7. Applications, Impact, and Future Directions
Secure aggregation protocols underpin privacy-preserving federated learning across mobile devices, large-scale IoT deployments, wireless sensor networks, and multi-party distributed analytics. They are core to Google's production FL, industrial cross-silo collaborative analytics, and sensor networks in adversarial environments (Zhang et al., 2023, Sen, 2011, Sen, 2012).
Open problems include:
- Extending robust aggregation to fully malicious models with efficient zero-knowledge proofs (Wang et al., 2024, Wen et al., 19 May 2025).
- Reducing bandwidth expansion in high-dimensional models and CKKS-based schemes (Emmaka et al., 28 Nov 2025).
- Dynamic membership support for continuously joining and leaving clients, especially in IoT and edge settings (Wang et al., 2024).
- Seamless integration with advanced DP mechanisms and deployment in resource-constrained or bandwidth-limited environments (Ball et al., 2024, Emmaka et al., 28 Nov 2025).

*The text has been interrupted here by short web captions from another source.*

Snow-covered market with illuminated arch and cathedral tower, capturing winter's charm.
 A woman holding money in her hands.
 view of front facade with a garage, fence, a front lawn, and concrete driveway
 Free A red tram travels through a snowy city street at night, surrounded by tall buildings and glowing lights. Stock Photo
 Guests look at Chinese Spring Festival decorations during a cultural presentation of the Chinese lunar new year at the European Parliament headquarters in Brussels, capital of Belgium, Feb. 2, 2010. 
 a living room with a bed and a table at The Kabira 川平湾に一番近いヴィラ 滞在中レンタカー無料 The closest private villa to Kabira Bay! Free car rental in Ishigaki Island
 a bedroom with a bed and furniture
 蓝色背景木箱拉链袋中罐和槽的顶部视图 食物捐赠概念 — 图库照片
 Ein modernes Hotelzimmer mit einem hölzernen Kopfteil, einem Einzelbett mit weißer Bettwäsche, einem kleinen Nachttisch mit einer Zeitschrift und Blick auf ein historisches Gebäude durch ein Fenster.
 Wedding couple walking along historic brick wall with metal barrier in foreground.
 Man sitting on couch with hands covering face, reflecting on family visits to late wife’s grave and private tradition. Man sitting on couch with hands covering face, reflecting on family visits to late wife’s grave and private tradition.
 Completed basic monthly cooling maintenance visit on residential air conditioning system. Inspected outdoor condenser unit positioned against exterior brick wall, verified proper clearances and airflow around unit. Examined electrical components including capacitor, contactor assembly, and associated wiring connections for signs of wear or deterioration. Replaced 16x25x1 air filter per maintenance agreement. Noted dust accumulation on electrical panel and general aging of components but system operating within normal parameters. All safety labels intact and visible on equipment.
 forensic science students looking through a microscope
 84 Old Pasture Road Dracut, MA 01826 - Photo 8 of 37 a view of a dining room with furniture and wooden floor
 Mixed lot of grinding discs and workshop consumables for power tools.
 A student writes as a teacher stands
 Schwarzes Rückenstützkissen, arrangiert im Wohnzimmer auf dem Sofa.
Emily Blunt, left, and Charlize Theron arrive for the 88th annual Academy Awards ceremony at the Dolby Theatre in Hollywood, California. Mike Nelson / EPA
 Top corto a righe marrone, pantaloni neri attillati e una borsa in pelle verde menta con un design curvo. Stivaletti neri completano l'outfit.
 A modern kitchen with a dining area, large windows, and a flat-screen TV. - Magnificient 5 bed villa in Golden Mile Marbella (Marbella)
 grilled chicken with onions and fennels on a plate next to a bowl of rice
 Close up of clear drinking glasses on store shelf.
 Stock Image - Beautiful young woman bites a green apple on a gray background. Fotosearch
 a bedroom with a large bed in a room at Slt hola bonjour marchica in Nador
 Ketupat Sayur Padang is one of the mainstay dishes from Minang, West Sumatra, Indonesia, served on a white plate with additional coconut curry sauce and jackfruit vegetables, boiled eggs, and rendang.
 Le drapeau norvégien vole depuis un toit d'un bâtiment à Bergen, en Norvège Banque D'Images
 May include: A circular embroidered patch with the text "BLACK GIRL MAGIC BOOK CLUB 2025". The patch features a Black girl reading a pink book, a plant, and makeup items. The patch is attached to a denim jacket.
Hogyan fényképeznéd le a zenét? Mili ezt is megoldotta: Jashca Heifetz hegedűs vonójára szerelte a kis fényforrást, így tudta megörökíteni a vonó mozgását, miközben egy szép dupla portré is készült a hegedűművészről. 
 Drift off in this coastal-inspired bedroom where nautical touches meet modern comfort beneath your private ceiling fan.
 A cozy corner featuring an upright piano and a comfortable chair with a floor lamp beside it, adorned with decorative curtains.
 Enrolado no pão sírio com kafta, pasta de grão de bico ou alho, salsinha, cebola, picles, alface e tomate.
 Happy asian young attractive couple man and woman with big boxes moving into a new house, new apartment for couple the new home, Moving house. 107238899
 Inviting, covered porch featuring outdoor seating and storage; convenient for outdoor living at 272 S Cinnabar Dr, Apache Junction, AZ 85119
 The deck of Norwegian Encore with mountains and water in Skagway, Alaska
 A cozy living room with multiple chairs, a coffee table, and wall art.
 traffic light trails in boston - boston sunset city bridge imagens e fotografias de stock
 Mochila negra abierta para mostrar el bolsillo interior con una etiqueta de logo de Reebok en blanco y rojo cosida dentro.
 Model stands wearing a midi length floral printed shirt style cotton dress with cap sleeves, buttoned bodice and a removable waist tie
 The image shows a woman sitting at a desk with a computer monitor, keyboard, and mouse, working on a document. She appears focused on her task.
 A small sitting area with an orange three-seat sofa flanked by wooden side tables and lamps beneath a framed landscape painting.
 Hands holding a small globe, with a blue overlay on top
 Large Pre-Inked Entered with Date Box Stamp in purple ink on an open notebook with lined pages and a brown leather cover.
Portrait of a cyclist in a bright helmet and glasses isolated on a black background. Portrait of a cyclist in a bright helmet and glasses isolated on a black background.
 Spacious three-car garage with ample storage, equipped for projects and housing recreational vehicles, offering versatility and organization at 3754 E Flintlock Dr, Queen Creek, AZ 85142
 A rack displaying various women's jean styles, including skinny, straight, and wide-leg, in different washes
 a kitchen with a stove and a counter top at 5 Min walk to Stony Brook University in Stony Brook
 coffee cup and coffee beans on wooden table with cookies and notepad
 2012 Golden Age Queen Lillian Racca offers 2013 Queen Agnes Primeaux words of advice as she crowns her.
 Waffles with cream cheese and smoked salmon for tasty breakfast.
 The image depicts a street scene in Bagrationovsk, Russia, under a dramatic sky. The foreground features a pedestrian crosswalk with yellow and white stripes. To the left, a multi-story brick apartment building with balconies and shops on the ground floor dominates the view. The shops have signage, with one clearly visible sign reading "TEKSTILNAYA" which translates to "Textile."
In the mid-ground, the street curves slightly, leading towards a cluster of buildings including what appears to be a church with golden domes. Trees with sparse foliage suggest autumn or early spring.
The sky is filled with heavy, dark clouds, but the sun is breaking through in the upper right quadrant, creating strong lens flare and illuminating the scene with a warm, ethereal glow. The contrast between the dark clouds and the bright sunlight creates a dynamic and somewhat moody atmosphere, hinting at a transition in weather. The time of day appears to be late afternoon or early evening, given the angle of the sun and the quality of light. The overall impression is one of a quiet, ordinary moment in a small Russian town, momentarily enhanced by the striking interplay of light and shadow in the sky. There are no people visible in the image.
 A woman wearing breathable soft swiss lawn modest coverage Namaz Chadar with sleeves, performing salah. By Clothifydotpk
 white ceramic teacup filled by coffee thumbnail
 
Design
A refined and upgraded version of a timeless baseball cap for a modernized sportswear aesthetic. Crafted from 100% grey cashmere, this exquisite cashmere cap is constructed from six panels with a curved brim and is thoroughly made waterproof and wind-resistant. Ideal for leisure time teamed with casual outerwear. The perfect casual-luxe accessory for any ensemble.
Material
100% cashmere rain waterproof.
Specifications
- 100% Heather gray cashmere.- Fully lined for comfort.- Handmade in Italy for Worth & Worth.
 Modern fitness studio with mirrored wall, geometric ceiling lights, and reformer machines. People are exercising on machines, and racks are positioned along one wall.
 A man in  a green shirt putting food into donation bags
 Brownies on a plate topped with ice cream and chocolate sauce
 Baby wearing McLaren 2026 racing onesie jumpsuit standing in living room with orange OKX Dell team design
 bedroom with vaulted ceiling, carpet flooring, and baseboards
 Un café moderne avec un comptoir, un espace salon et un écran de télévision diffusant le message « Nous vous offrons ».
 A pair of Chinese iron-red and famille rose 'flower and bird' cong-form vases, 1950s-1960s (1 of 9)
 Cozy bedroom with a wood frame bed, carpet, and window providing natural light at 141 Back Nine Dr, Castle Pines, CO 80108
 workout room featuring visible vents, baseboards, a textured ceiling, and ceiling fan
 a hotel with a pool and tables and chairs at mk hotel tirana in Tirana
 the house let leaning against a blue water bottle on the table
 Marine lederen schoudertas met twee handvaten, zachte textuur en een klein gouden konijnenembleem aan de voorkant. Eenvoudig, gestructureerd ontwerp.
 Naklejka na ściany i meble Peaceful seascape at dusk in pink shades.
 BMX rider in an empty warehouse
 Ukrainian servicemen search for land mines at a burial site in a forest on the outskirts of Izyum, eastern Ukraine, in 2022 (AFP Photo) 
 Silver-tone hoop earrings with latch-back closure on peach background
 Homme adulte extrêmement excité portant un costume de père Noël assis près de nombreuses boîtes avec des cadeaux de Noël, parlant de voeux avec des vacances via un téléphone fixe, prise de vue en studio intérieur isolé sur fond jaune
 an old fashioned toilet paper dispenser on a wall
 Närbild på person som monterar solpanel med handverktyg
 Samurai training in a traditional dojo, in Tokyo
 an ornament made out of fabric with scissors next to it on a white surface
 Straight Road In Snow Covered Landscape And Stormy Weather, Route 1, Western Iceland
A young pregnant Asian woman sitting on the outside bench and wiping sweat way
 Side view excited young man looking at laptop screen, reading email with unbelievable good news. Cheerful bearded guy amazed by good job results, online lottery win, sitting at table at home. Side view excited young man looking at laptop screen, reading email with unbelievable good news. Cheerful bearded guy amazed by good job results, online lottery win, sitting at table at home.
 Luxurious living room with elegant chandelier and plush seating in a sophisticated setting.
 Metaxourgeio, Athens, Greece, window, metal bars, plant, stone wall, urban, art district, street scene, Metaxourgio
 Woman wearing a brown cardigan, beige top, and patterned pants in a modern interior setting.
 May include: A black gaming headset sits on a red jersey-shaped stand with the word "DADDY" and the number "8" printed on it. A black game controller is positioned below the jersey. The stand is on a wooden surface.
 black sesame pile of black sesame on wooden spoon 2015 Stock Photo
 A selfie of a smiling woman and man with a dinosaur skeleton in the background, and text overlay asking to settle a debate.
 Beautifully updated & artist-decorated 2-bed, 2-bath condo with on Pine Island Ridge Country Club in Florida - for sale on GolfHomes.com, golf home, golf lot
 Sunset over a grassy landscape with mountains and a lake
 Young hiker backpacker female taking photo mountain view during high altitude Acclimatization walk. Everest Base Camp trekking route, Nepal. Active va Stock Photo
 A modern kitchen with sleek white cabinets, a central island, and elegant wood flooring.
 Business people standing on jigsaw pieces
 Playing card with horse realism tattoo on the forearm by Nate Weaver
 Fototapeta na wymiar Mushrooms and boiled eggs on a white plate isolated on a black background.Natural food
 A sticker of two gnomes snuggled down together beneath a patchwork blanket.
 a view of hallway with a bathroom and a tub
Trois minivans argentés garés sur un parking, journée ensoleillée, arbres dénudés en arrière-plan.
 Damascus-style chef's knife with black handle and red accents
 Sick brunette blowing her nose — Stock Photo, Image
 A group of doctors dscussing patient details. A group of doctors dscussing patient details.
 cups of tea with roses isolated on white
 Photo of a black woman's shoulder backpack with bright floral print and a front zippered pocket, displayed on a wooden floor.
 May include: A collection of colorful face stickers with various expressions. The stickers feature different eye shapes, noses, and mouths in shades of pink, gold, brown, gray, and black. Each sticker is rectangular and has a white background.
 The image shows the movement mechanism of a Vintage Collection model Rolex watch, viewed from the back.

Recent research demonstrates that by combining advanced cryptographic techniques (homomorphic encryption, secret sharing, TEEs), communication-efficient designs (group-based sharding, one-shot aggregation), and rigorous composable security models, secure aggregation protocols can meet the scalability, efficiency, and robustness demands of modern large-scale distributed learning and privacy-sensitive analytics (Kadhe et al., 2020, Stevens et al., 2022, Zhang et al., 2023).